The territory of Ashuanipi was defined under the terms of An Act respecting the territories of Abittibi, Mistassini and Ashuanipi (Loi concernant les territoires d'Abittibi, de Mistassini et d'Ashuanipi) of 1899. Article 2.3 of the act read: "The territory of Ashuanipi is bounded to the north, to the east and to the west by the limits of the province; and to the south and southwest by the county of Saguenay". The Revised Statutes of the Province of Quebec (1909) recognized the same description of the territory. The Territorial Division Acts description remains largely the same, but alters the south and southwest portion's boundaries by the "electoral districts of Duplessis and Saguenay".

The territory, as defined by the provisions of the former act, directly included the river basins of the Ashuanipi River, Hamilton River, and Esquimaux River.

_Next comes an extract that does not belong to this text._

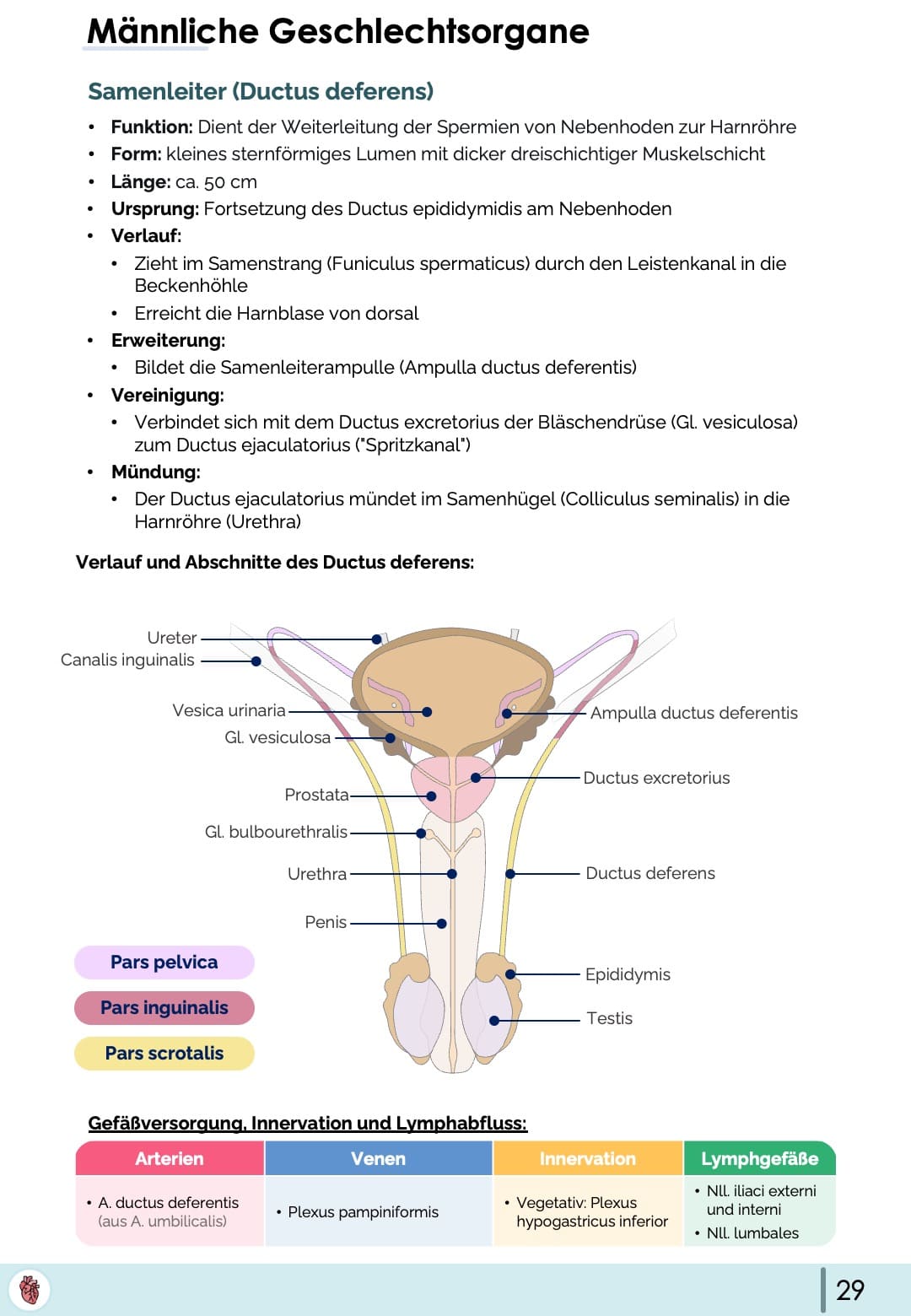 Anatomie-Skript - Becken- und Geschlechtsorgane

It additionally included "all other parts of territory watered by water-courses flowing directly towards the Atlantic".

==History==
When Canada purchased the territory of Rupert's Land from the Hudson's Bay Company in 1870, the potential for territorial expansion northwards became available to the Quebec government. During a session held on April 8, 1885, the Legislative Assembly of Quebec devised a special committee with regards to the potential expansion of the border into the north. The borders that were devised by the committee were adopted by both the Parliament of Quebec and the Parliament of Canada in 1898 as the Boundaries Extension Acts of 1898. In the provisions of An Act respecting the territories of Abittibi, Mistassini and Ashuanipi of 1899, the newly annexed northern territory was divided into three regions. The act decreed that the lands of Abitibi and Mistassini would be annexed alongside it. The area that was claimed remained poorly defined at its eastern frontier, running alongside the Dominion of Newfoundland's claim, whose border was also poorly defined at the time. During its existence as a territory of Quebec, for judicial and registration purposes, the territory of Ashuanipi formed a part of the historical county of Saguenay.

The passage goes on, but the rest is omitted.